Beginning at the line that contains "Silver 2007 Toyota 4Runner SR5 Sport", reproduce the entries below exactly, ending with the line that contains "Haruna Cotton Ankle Socks". Omit each picture.

[Available data Boundary: Start]

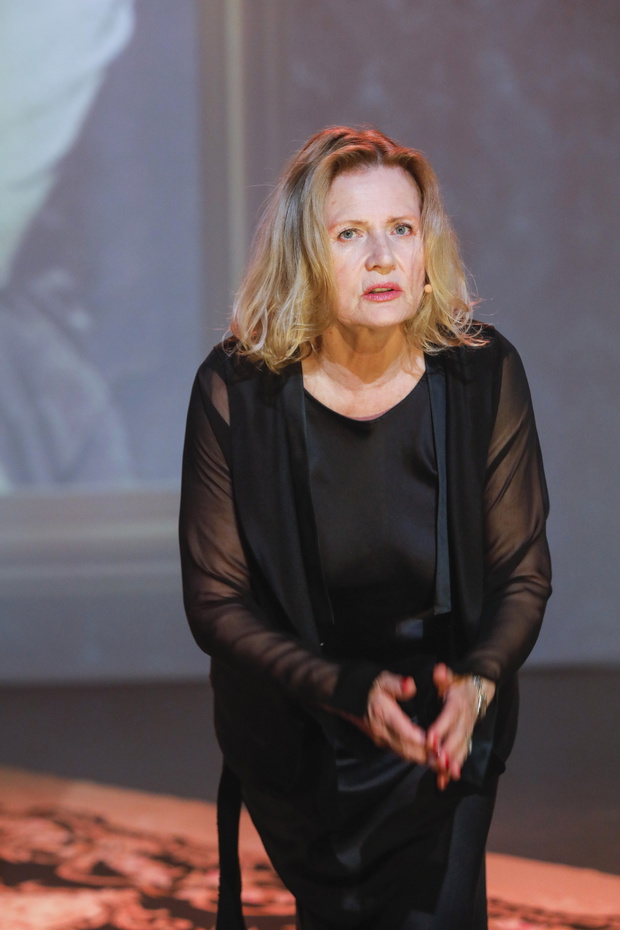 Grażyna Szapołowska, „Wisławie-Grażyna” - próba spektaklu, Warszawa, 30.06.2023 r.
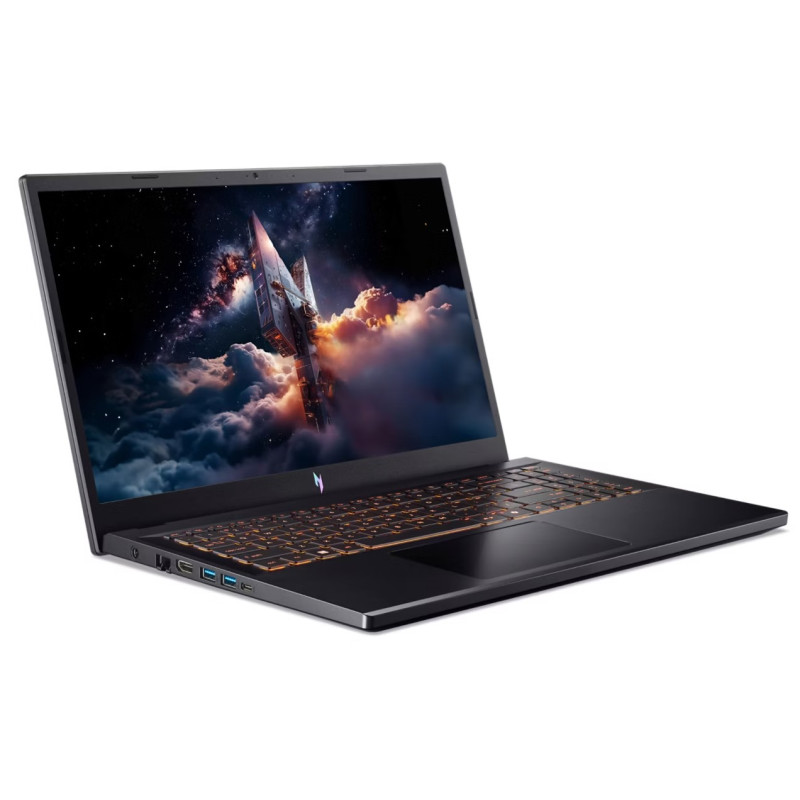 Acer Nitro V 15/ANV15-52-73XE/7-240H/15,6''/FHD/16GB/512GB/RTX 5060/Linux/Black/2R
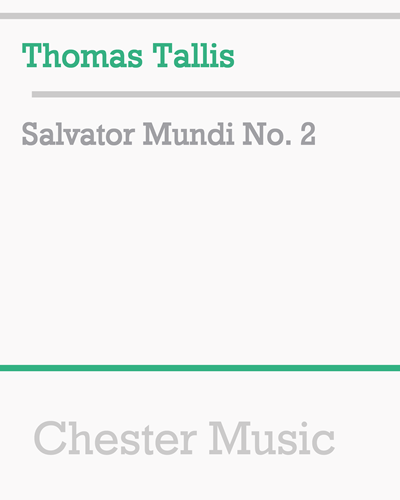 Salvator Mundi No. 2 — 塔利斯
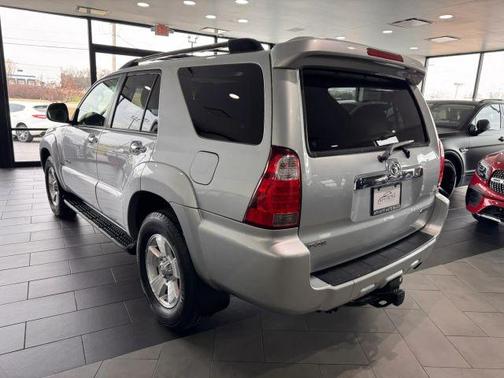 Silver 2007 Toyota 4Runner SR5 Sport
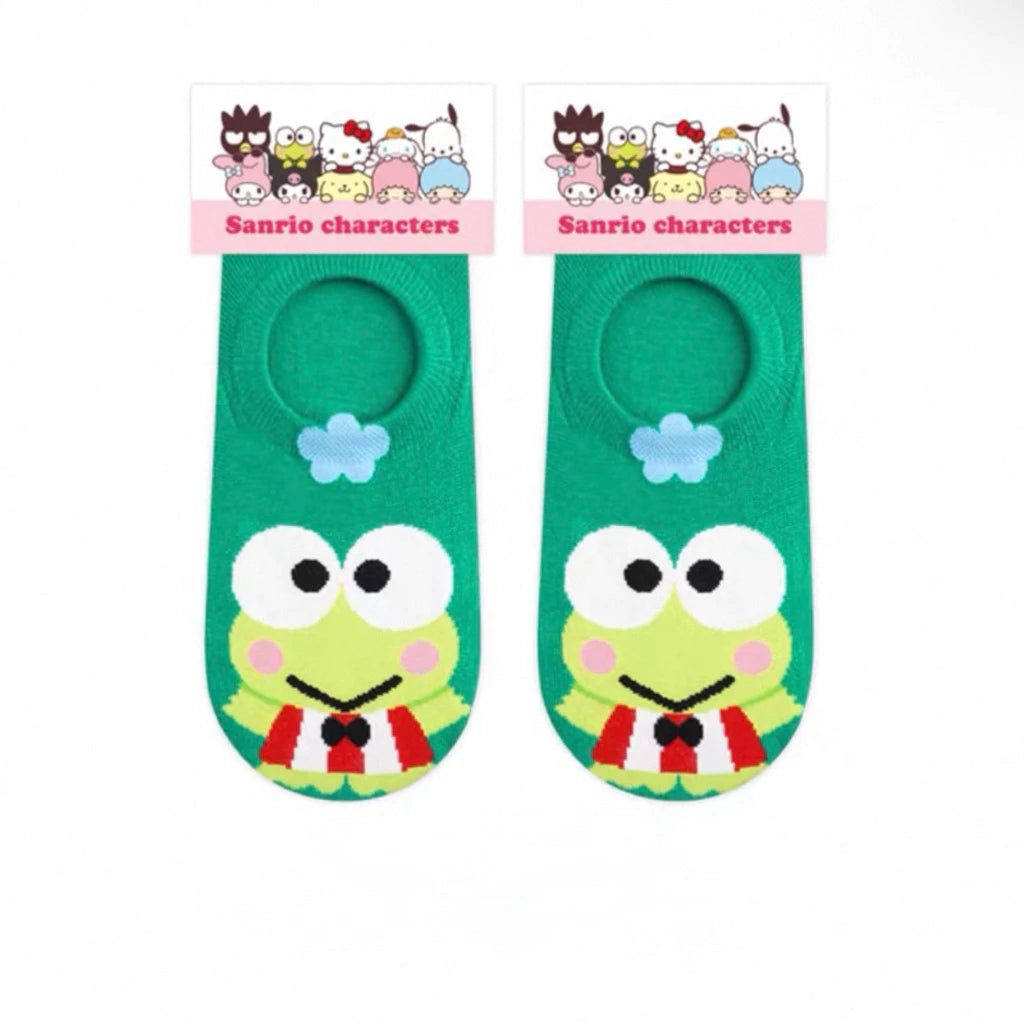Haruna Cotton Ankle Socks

[Available data Boundary: End]
[Available data Boundary: Start]

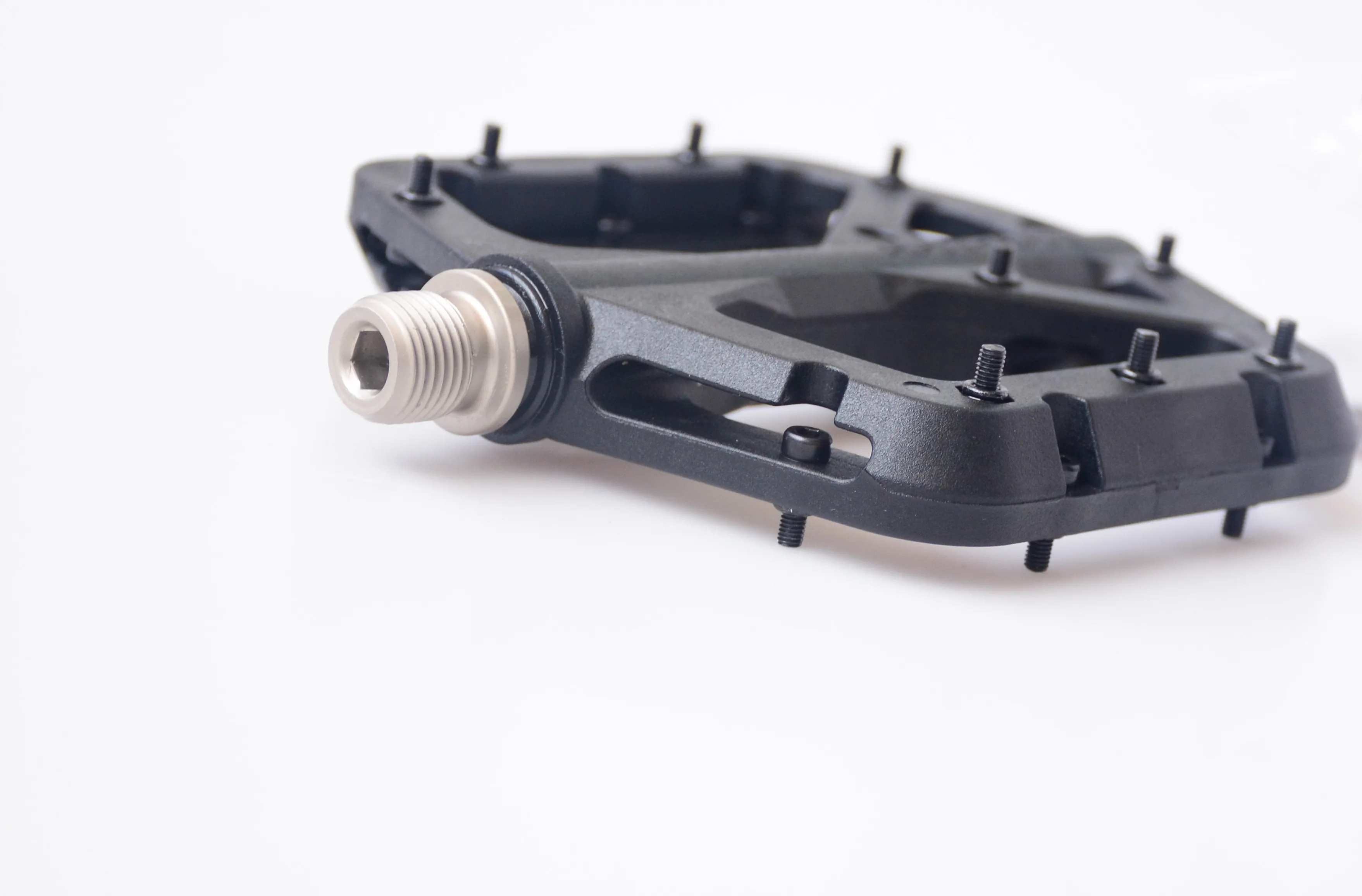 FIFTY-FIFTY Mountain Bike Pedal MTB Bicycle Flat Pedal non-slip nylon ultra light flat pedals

[Available data Boundary: End]
[Available data Boundary: Start]

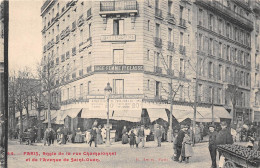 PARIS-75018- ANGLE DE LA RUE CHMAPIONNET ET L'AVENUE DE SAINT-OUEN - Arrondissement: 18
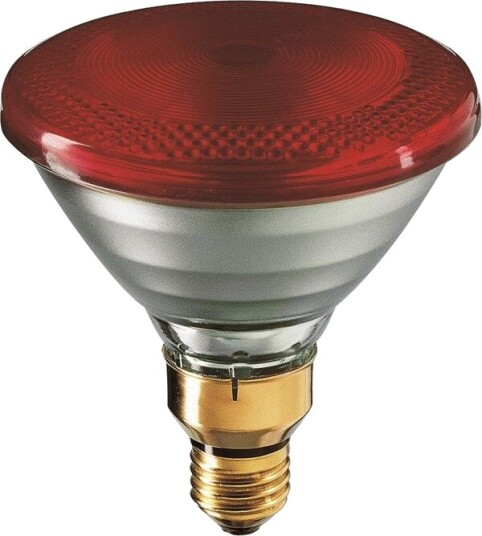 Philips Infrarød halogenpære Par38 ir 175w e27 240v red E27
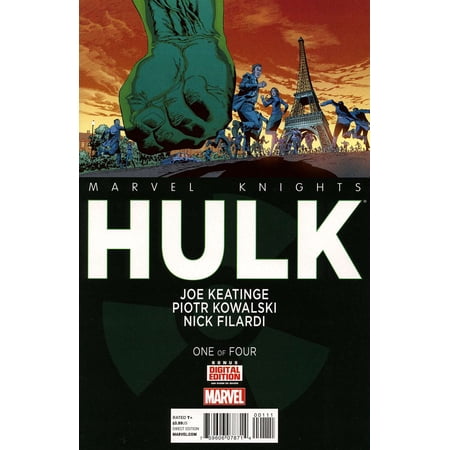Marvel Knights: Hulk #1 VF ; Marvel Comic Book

[Available data Boundary: End]

Problem solution:
 Silver 2007 Toyota 4Runner SR5 Sport
Haruna Cotton Ankle Socks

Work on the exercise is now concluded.